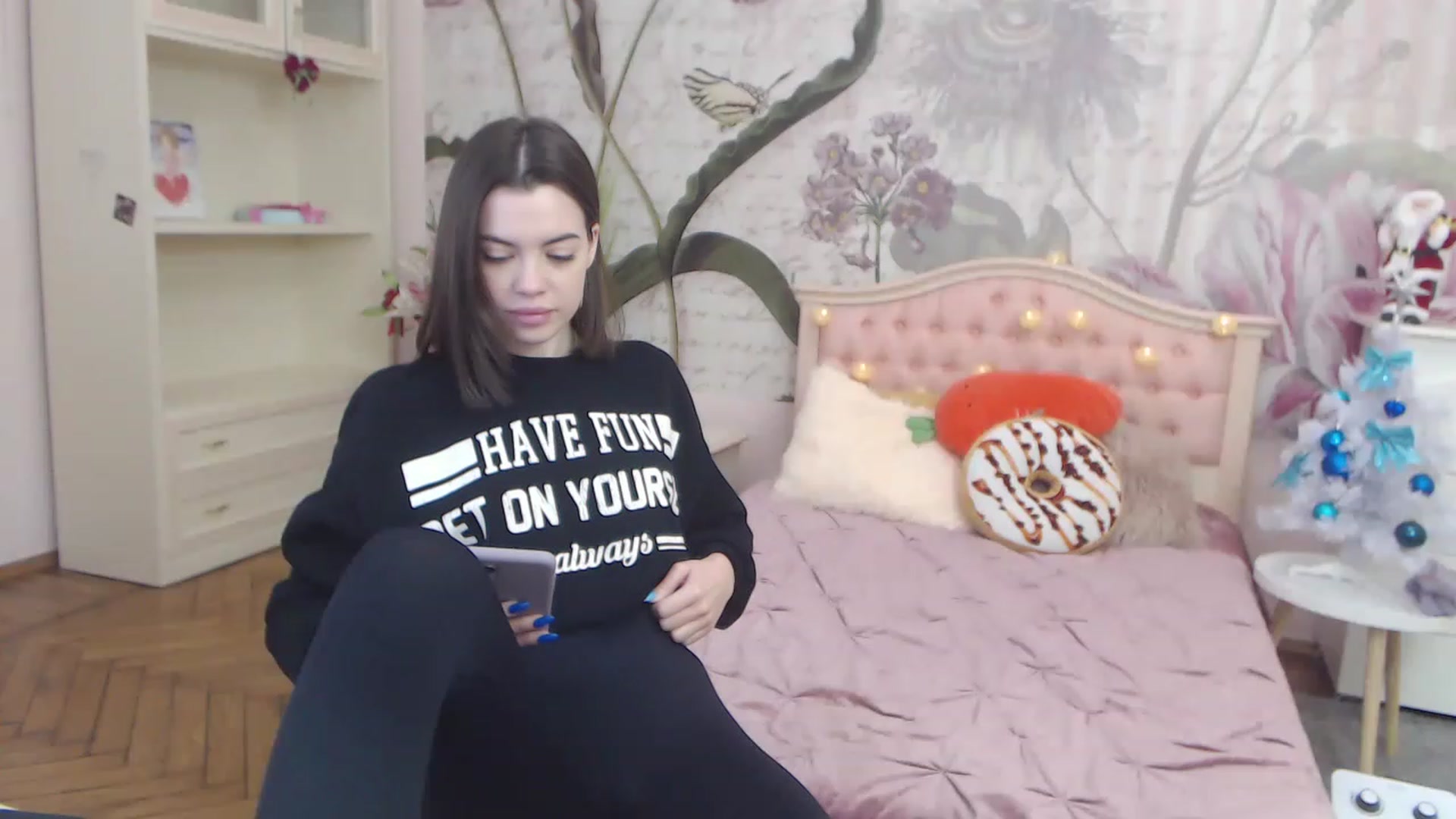 Gallery image thumbnail from Alisha_Norris's myfreecams stream on, 12/12/2022, 11:35 image 17 of 20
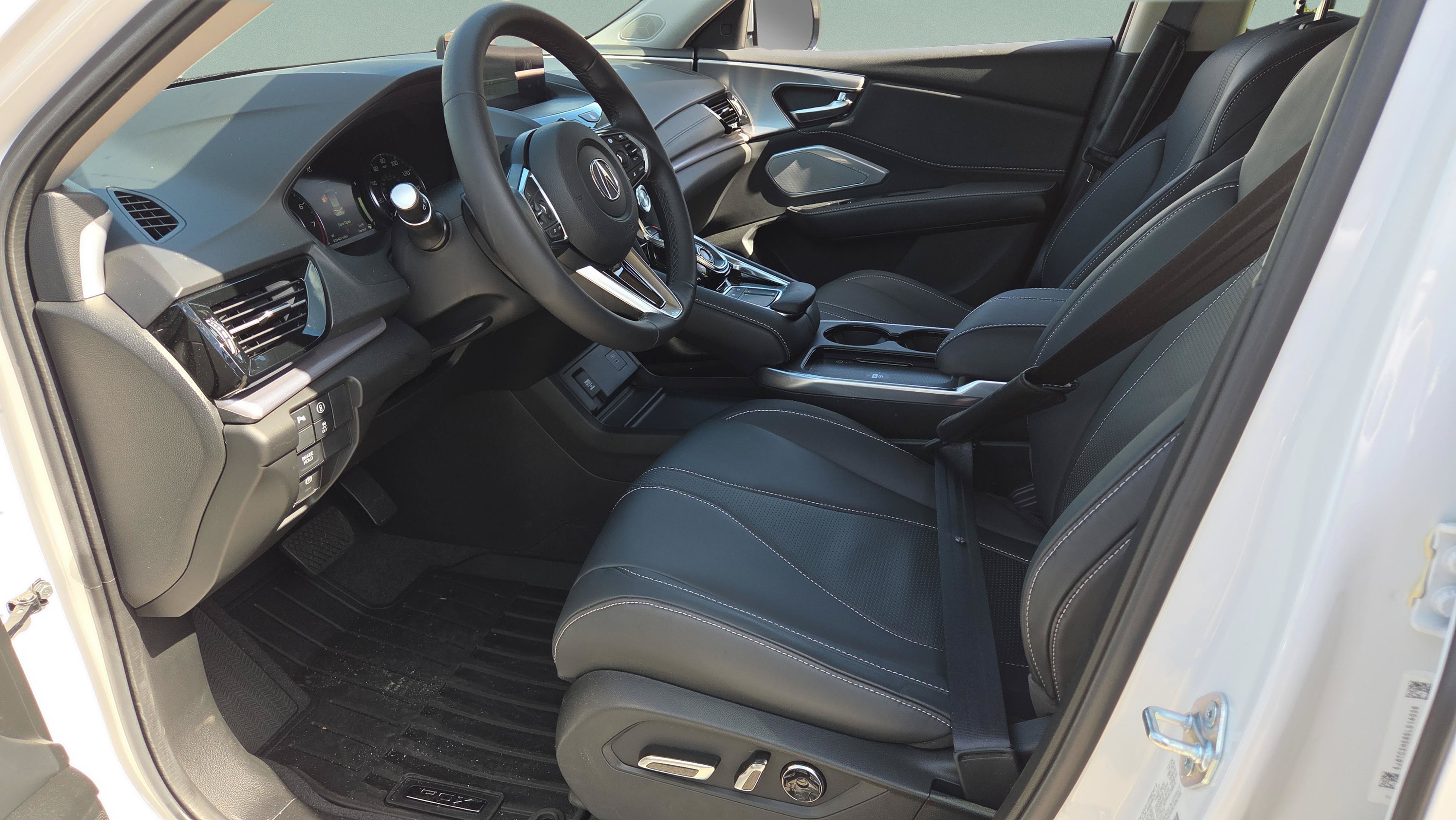 Used 2025 Acura RDX SH-AWD w/ Technology Package image 9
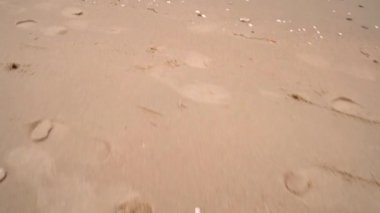 Kumlu sahil manzarası ve yumuşak deniz dalgaları
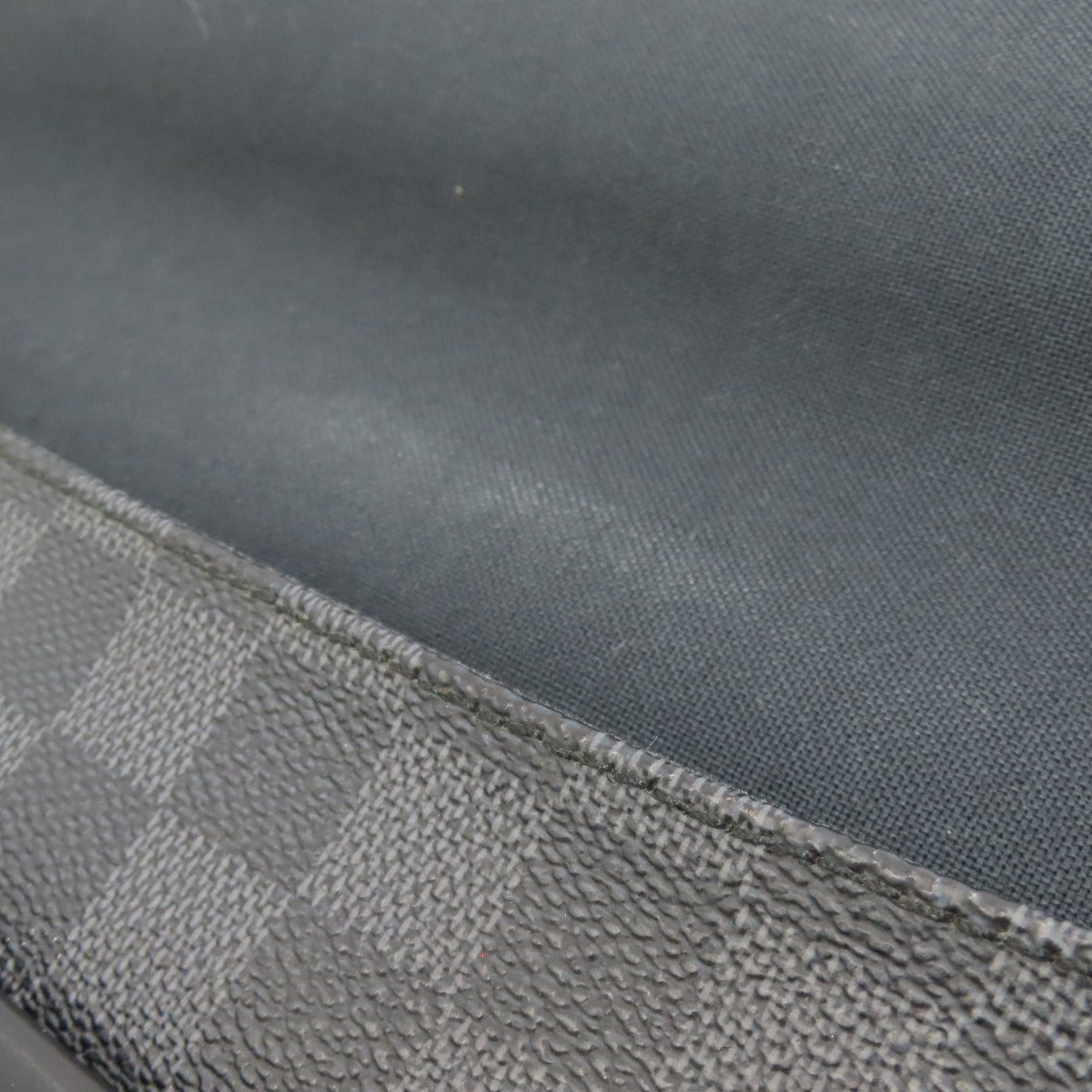 LOUIS VUITTON N58029 District MM Shoulder Bag Damier canvas mens [Used]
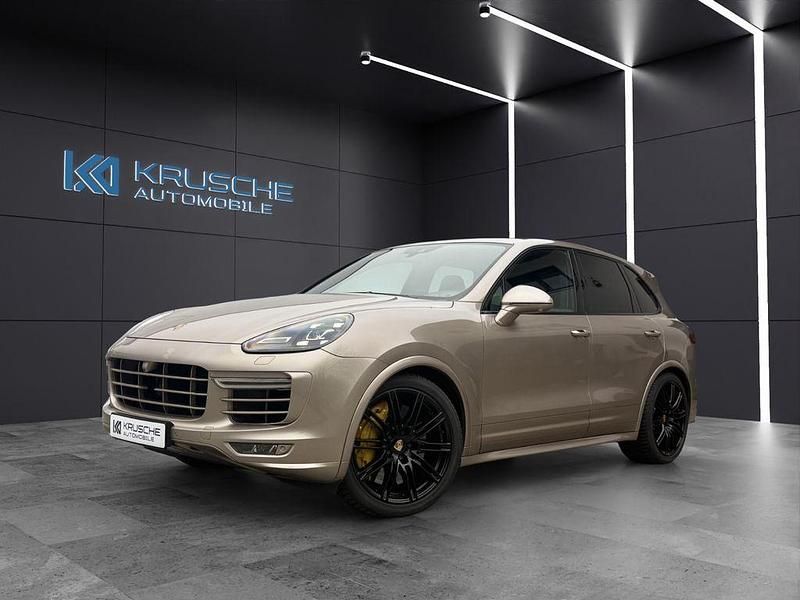 Gebraucht Porsche Cayenne Turbo S 570 PS (419 kW) 2016 Gold SUV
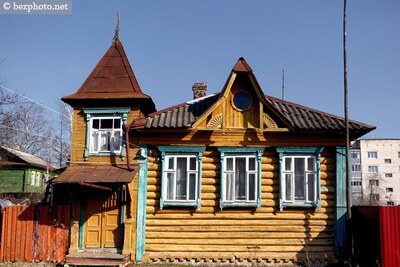 Деревянный модерн в г. Кимры (Тверская обл.)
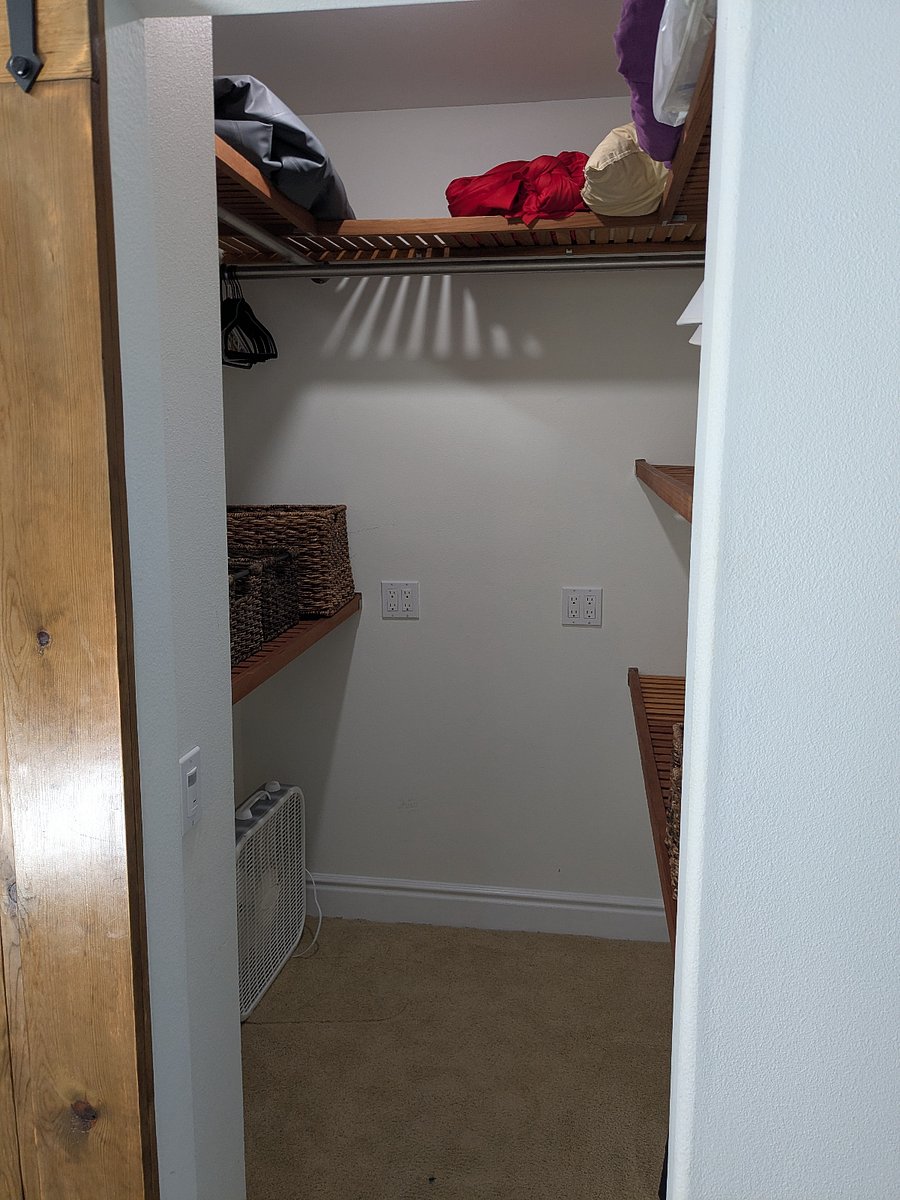 walk in closet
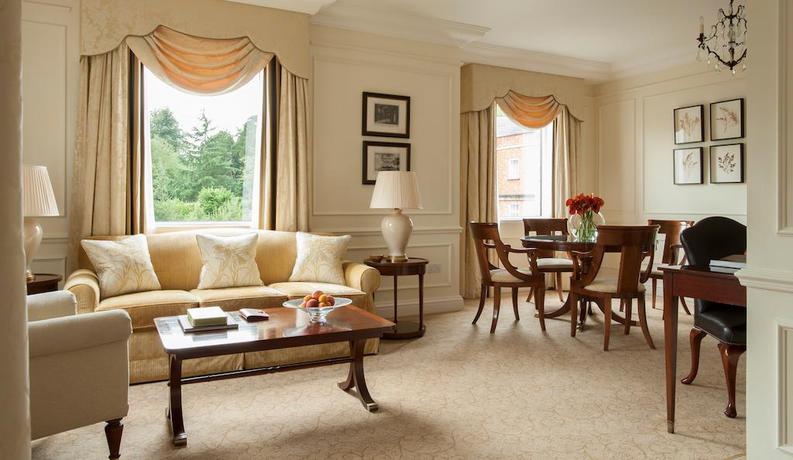 Imagen de los interiores del Hotel Four Seasons Hampshire, Farnborough. Foto 10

◇ ◇ ◇

- **What is being asked**
Without the pictures, copy out each entry exactly as it stands.

- **Result of the exercise**
 Gallery image thumbnail from Alisha_Norris's myfreecams stream on, 12/12/2022, 11:35 image 17 of 20
 Used 2025 Acura RDX SH-AWD w/ Technology Package image 9
 Kumlu sahil manzarası ve yumuşak deniz dalgaları
 LOUIS VUITTON N58029 District MM Shoulder Bag Damier canvas mens [Used]
 Gebraucht Porsche Cayenne Turbo S 570 PS (419 kW) 2016 Gold SUV
 Деревянный модерн в г. Кимры (Тверская обл.)
 walk in closet
 Imagen de los interiores del Hotel Four Seasons Hampshire, Farnborough. Foto 10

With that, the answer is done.